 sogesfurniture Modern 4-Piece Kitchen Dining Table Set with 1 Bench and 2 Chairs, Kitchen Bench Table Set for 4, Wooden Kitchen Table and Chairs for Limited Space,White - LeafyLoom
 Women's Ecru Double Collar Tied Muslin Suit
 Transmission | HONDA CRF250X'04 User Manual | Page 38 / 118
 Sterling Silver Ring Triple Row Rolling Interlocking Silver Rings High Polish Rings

============================================================

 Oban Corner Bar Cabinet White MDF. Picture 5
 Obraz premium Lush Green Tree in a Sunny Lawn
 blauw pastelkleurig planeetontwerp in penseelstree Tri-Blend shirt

============================================================

| Exercise details |
Of the entries above, transcribe exactly those lines that fall between the line containing "Oban Corner Bar Cabinet White MDF. Picture 5" and the line containing "blauw pastelkleurig planeetontwerp", together with those two lines.

| Exercise output |
 Oban Corner Bar Cabinet White MDF. Picture 5
 Obraz premium Lush Green Tree in a Sunny Lawn
 blauw pastelkleurig planeetontwerp in penseelstree Tri-Blend shirt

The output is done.